_Brief_
Only one stretch of the listing below is wanted. Begin at the line that has "Additional property image", stop after the line that has "Phoebe, Putri Bill Gates yang Paling Stylish", and repeat every line in between exactly.

_Material provided_
/---

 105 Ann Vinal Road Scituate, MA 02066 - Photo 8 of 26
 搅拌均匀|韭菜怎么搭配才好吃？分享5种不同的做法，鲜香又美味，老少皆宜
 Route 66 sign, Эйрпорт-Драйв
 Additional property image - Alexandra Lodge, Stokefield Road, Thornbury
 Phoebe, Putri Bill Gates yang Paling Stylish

\---
/---

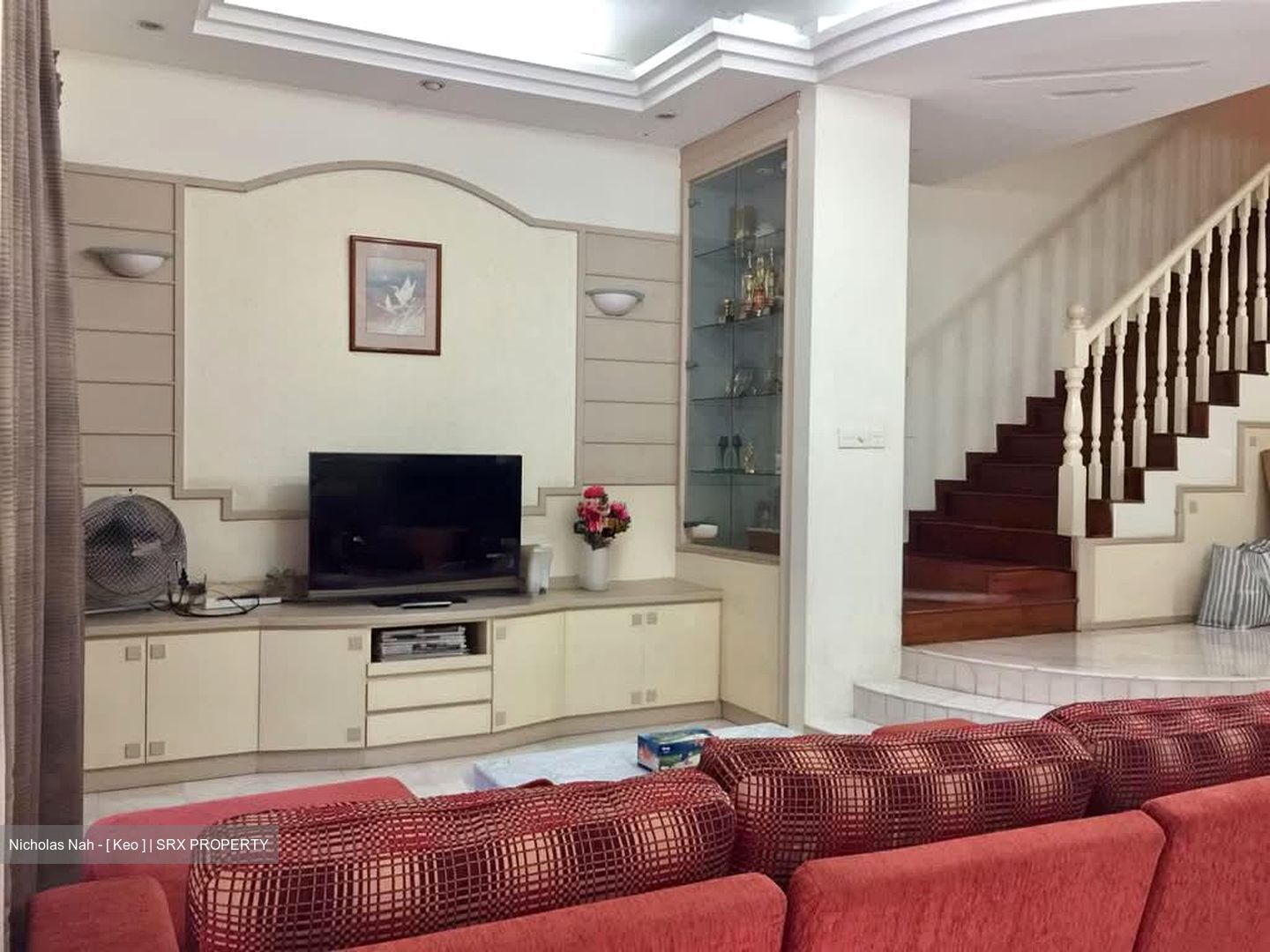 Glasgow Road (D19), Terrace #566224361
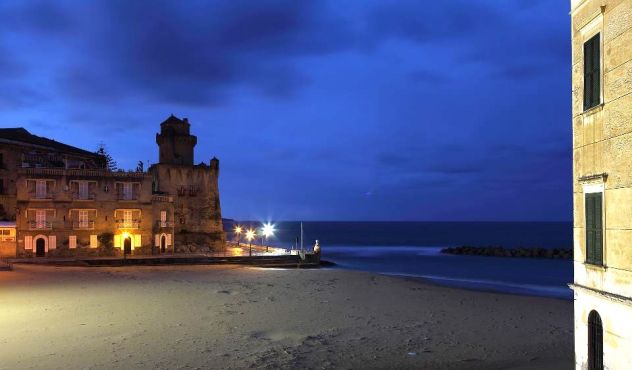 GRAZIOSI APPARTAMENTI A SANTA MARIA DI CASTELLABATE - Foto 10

\---

_Answer to this problem_
 Additional property image - Alexandra Lodge, Stokefield Road, Thornbury
 Phoebe, Putri Bill Gates yang Paling Stylish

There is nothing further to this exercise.